EP 09

How to Give Pepper a Memory


May 2026·6 min read·#memory#context#embedding

LLMs have no memory.

Every request is stateless. Yesterday's conversation, a fact saved last week — none of it carries over by default.

So how can Pepper actually know our family?


Layer 1 — last 10 turns, injected directly

The most basic approach. The last 10 turns of conversation get passed into every request as part of the message array.

const N_HISTORY_TURNS = 10

// fetch the 10 most recent messages from DB
// add them directly to the LLM messages array
historyMessages: [
  { role: 'user', content: 'that restaurant from before' },
  { role: 'assistant', content: 'You mean OO restaurant in Mangwon?' },
  // ...
]

"Do you remember what I said before?" — this handles that. But anything before 10 turns is invisible. As conversations grow, context gets cut off.


Layer 2 — 60 messages, summarized and injected

So a second layer was added.

Fetch up to 60 messages. The most recent 10 go to Layer 1 directly. The remaining 50 get summarized by Flash-Lite and injected separately.

const TOTAL_FETCH   = 60
const RECENT_WINDOW = 10

const older = messages.slice(0, -RECENT_WINDOW)  // the 50 before the recent 10
// → summarized into 3-5 lines by Flash-Lite
// → "Earlier conversation summary: discussed buying GOOGL at $245.
//    Eunsoo's tutoring schedule came up..."
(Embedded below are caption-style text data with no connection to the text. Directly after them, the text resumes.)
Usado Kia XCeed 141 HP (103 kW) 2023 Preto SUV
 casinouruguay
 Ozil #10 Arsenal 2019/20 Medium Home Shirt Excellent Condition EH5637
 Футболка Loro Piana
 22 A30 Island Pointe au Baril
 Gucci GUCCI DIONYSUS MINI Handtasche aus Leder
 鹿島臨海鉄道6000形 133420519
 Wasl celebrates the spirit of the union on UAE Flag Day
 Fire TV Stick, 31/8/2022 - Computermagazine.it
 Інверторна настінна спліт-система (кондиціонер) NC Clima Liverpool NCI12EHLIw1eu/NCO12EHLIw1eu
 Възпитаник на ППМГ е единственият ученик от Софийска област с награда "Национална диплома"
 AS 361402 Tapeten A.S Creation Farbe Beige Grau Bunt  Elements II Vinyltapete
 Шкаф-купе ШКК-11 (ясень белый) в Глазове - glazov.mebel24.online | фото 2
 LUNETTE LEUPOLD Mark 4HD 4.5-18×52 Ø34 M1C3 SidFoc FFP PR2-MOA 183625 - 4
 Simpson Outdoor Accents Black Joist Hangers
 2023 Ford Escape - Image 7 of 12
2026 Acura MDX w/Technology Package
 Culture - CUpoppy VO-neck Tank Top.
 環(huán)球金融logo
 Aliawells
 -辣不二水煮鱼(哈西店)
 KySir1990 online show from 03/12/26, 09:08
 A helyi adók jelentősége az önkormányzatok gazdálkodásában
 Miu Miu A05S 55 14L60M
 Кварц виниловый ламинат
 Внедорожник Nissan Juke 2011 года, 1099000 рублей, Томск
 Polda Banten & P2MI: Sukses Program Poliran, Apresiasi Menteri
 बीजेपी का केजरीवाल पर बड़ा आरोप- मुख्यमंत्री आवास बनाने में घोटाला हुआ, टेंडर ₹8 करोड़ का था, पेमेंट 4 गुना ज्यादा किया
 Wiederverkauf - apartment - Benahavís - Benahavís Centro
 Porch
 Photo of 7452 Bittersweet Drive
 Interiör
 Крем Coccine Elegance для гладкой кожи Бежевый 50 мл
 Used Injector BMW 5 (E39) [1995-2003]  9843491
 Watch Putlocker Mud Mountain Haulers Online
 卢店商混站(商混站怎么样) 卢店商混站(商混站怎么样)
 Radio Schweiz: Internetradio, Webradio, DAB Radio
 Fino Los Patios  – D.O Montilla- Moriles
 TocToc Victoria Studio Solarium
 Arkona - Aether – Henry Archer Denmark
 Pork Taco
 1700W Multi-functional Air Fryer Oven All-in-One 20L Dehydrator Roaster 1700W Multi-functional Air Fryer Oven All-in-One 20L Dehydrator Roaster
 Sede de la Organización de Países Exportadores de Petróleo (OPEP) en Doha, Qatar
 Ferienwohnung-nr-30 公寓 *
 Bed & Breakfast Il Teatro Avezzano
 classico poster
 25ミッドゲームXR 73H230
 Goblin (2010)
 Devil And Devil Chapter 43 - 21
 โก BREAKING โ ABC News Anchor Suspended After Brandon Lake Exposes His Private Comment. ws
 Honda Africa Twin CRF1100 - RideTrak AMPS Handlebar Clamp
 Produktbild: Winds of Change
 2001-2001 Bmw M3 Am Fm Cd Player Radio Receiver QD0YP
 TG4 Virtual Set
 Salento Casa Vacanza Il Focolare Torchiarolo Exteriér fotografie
This summary gets passed in with every request. Even things from before the 10-turn window are compressed and available.

Generating it fresh every time would be slow and expensive. So it's cached.

// in-memory Map — 0ms access within the server process
const summaryMap = new Map<string, CacheEntry>()

// on each request: check Map → return immediately if hit
// on miss: pull from DB and populate Map (cold start, once)
// in background: refresh every 5 minutes (never blocks the main response)

scheduleRefresh()
is fire-and-forget. Even when a new summary is needed, the user doesn't wait. The refreshed version kicks in on the next request.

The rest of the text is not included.